Жеребец миновал ежевичник и пошел по проселку среди полей.

День был мглистый, необычно теплый для конца октября. Пашни были черны как деготь. Над ними застыл какой-то обесцвеченный лиловато-серый воздух. В вышине медленно описывал круги одинокий ястреб. Временами он повисал над одним каким-нибудь местом и довольно долго пребывал в неподвижности. Потом снова начинал кружить. Вдруг ястреб сложил крылья и пулей устремился вниз. Лишь чуть коснувшись грудью вспаханной земли, он снова круто взмыл к небу и поплыл в воздухе. Сверху послышался безнадежный, слабый писк.

«Знойное было лето, расплодились мыши в поле, — подумал председатель. — Надо выделить еще несколько Человек для борьбы с полевками, а то испортят все посевы».

Пониже пашен переливались светлой зеленью ранние всходы. В конце зеленеющего поля виднелись выстроившиеся цепью женщины-полольщицы.

«Засуха и град! Град и засуха! Не бывает такого года, чтобы или солнце не сожгло мои поля, или не ударил где-нибудь град. Права Русудан. Пока мы не примемся основательно за сев по жнивью, за зимние корма нельзя будет поручиться. Нынешним летом засуха помешала, а на будущий год… Эх, кто знает, что принесет будущий год! На ферме не хватает коров, а план с каждым годом все увеличивается и увеличивается. Нет, надо во что бы то ни стало закупить еще коров у колхозников и служащих, а то снова ударю лицом в грязь, окажусь в районе среди отсталых. А овец на зимние пастбища я отправил слишком рано. Но что же было делать — не загонять же их в виноградники общипывать кусты! А луга все пересохли, сгорели от жары. Впрочем, может, так оно и лучше — окот наступит раньше, ягнята успеют подрасти, окрепнуть, и при перегоне с зимних на летние пастбища меньше будет урону».

Председатель колхоза насмешливо сощурил глаза и, ухмыляясь, расправил большим пальцем усы.

«Что это еще выдумали зоотехники и ветврачи — искусственное оплодотворение! Разве природа дура? Как ею установлено, так, по-видимому, и нужно, так вернее. Для природы мы все — люди, животные, насекомые — одно, и она обо всех заботится в равной мере. Ну ладно, овцематка после окота, скажем, все же наслаждается своей материнской любовью, заботой о своем отпрыске его лаской. А бедняги бараны чем провинились, за что мы их единственного наслаждения лишаем?»
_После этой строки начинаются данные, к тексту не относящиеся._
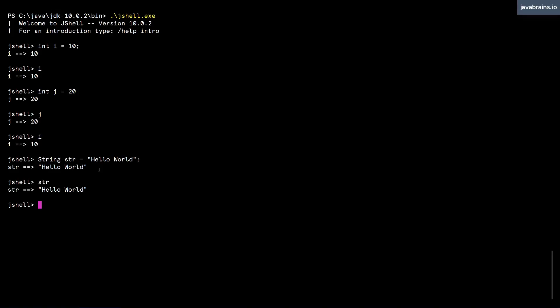Another cool thing about JShell is it has autocomplete. So let's say I type in s, then I type tab, it fills the available options for me. So I just press tab here. Now here you see, it shows a couple of options. So one is shard, I can type shard and it is going to be a starting point for declaring a new variable of type shard. Or I can type str, which is going to be the string str. Or I can type sun.dart, which is the start of a package name. We'll look at packages later, but it does provide autocomplete options.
Из-за поворота, скрытого рощицей, окаймлявшей Берхеву, выехала грузовая автомашина. Поравнявшись с председателем колхоза, она остановилась. Из кабины высунулся Лексо.

Председатель глянул на Дата, сидевшего в кузове, полном кукурузных початков.

— Что это ты домой собрался?

— А разве я волк, чтобы ночью в поле валяться?

— Кукурузу собранную караулить не нужно?

— Нужно. И караульщики у нее есть.

— Оставили там кого-нибудь?

— Да весь народ там, срезают стебли.

— Я не о народе спрашиваю. Кукурузу караулит кто-нибудь?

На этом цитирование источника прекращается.